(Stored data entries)
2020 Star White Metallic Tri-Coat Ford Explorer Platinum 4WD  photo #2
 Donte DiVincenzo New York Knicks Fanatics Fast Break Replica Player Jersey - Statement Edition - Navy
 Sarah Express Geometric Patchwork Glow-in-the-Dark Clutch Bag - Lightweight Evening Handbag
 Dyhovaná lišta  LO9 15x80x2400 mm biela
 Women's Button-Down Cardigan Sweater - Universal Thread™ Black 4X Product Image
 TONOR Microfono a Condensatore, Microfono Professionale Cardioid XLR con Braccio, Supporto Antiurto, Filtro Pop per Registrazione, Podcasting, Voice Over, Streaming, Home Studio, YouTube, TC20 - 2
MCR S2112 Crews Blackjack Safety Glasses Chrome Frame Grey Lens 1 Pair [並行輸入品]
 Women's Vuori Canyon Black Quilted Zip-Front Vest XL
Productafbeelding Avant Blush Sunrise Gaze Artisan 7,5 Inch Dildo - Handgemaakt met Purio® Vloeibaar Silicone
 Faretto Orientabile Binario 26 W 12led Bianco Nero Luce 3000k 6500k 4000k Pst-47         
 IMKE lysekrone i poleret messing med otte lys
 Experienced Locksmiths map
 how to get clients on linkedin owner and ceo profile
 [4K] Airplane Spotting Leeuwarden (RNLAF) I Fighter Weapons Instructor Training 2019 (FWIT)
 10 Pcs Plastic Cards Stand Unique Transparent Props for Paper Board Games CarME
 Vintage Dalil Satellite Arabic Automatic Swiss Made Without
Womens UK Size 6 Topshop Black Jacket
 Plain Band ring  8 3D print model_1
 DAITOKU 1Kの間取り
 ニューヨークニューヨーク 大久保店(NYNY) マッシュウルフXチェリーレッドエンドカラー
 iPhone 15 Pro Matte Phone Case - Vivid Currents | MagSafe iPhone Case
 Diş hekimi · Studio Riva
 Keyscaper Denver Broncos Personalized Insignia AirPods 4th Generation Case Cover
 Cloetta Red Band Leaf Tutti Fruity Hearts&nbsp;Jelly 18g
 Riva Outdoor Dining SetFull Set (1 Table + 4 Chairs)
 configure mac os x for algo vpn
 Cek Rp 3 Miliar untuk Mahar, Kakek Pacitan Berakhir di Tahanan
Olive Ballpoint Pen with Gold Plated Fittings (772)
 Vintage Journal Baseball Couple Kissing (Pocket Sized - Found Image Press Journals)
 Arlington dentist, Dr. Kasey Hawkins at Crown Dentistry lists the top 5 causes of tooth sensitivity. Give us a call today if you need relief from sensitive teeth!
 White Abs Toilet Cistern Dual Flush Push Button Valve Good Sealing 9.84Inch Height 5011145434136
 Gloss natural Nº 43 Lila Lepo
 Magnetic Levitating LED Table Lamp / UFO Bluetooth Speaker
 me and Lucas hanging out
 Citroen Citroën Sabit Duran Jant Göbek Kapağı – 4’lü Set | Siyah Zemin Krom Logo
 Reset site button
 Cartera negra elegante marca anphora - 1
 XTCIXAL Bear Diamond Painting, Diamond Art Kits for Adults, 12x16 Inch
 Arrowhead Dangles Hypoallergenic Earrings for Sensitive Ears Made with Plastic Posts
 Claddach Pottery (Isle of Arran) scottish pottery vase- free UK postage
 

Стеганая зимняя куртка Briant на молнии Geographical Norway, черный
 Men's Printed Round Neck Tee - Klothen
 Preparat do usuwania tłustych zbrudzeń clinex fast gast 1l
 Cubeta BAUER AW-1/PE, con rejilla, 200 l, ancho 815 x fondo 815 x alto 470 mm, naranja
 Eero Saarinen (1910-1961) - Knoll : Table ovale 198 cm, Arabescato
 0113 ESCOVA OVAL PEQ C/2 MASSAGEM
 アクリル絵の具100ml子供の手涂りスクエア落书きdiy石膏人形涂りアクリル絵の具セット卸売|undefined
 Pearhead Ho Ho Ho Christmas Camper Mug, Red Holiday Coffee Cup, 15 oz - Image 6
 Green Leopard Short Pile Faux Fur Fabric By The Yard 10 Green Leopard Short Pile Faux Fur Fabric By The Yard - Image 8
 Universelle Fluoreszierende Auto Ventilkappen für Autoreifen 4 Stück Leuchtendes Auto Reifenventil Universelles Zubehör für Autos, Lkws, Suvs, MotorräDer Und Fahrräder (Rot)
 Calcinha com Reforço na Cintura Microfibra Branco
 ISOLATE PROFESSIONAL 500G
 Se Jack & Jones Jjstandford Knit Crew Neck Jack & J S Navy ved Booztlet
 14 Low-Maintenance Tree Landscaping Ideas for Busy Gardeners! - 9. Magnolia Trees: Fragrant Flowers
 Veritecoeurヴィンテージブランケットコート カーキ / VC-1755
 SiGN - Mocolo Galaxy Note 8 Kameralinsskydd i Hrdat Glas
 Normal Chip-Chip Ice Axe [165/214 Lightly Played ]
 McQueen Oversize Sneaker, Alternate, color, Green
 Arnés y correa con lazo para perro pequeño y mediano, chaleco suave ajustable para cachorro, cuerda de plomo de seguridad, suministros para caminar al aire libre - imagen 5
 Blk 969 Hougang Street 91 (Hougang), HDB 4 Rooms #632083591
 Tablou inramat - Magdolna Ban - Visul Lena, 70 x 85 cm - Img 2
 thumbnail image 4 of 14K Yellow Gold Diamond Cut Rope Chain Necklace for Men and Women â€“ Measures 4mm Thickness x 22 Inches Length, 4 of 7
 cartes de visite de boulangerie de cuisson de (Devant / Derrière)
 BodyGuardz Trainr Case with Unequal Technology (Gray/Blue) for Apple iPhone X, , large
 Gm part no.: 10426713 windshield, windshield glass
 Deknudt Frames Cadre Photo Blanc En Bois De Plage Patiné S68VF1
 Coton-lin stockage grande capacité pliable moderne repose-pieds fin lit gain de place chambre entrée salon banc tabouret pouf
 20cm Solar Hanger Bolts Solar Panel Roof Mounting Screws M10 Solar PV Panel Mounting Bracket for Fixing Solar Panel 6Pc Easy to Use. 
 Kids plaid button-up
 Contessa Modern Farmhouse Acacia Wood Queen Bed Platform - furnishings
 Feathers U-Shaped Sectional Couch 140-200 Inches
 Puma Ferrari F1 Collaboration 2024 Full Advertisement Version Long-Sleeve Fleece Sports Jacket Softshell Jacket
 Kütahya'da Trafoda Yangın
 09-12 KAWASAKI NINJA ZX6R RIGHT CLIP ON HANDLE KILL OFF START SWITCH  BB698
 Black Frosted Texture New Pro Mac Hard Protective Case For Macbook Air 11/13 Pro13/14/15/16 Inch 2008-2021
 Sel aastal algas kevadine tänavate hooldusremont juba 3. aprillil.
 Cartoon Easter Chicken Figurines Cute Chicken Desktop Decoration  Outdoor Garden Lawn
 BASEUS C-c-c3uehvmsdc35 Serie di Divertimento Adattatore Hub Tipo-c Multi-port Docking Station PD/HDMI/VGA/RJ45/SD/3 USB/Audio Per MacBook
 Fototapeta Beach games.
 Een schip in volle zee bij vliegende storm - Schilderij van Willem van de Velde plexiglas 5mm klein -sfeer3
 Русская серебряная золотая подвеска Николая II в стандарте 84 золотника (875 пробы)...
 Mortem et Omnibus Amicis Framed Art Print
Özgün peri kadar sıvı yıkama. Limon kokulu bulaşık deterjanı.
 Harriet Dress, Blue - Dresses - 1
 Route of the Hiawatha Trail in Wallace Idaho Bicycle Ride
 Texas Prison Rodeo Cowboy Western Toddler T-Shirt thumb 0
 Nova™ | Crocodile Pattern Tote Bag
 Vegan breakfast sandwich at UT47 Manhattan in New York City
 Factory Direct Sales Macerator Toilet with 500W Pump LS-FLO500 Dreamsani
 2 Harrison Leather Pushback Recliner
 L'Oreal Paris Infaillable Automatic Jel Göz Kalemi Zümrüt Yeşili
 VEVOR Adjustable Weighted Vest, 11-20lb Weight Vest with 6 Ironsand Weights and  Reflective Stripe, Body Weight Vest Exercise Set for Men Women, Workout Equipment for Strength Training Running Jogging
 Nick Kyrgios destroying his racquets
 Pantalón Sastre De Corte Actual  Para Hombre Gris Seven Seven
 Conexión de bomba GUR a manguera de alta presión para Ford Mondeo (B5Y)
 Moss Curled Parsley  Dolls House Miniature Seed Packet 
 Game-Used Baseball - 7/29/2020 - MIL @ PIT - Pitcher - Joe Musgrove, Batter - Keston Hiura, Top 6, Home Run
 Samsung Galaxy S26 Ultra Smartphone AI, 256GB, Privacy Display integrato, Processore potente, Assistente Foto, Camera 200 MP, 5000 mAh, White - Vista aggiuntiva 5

WORK ORDER
Please transcribe exactly the lines above from the line that has "Cek Rp 3 Miliar" up to and including the line that has "Pearhead Ho Ho"; no other line belongs in the answer.

SOLVED PROBLEM
 Cek Rp 3 Miliar untuk Mahar, Kakek Pacitan Berakhir di Tahanan
Olive Ballpoint Pen with Gold Plated Fittings (772)
 Vintage Journal Baseball Couple Kissing (Pocket Sized - Found Image Press Journals)
 Arlington dentist, Dr. Kasey Hawkins at Crown Dentistry lists the top 5 causes of tooth sensitivity. Give us a call today if you need relief from sensitive teeth!
 White Abs Toilet Cistern Dual Flush Push Button Valve Good Sealing 9.84Inch Height 5011145434136
 Gloss natural Nº 43 Lila Lepo
 Magnetic Levitating LED Table Lamp / UFO Bluetooth Speaker
 me and Lucas hanging out
 Citroen Citroën Sabit Duran Jant Göbek Kapağı – 4’lü Set | Siyah Zemin Krom Logo
 Reset site button
 Cartera negra elegante marca anphora - 1
 XTCIXAL Bear Diamond Painting, Diamond Art Kits for Adults, 12x16 Inch
 Arrowhead Dangles Hypoallergenic Earrings for Sensitive Ears Made with Plastic Posts
 Claddach Pottery (Isle of Arran) scottish pottery vase- free UK postage
 

Стеганая зимняя куртка Briant на молнии Geographical Norway, черный
 Men's Printed Round Neck Tee - Klothen
 Preparat do usuwania tłustych zbrudzeń clinex fast gast 1l
 Cubeta BAUER AW-1/PE, con rejilla, 200 l, ancho 815 x fondo 815 x alto 470 mm, naranja
 Eero Saarinen (1910-1961) - Knoll : Table ovale 198 cm, Arabescato
 0113 ESCOVA OVAL PEQ C/2 MASSAGEM
 アクリル絵の具100ml子供の手涂りスクエア落书きdiy石膏人形涂りアクリル絵の具セット卸売|undefined
 Pearhead Ho Ho Ho Christmas Camper Mug, Red Holiday Coffee Cup, 15 oz - Image 6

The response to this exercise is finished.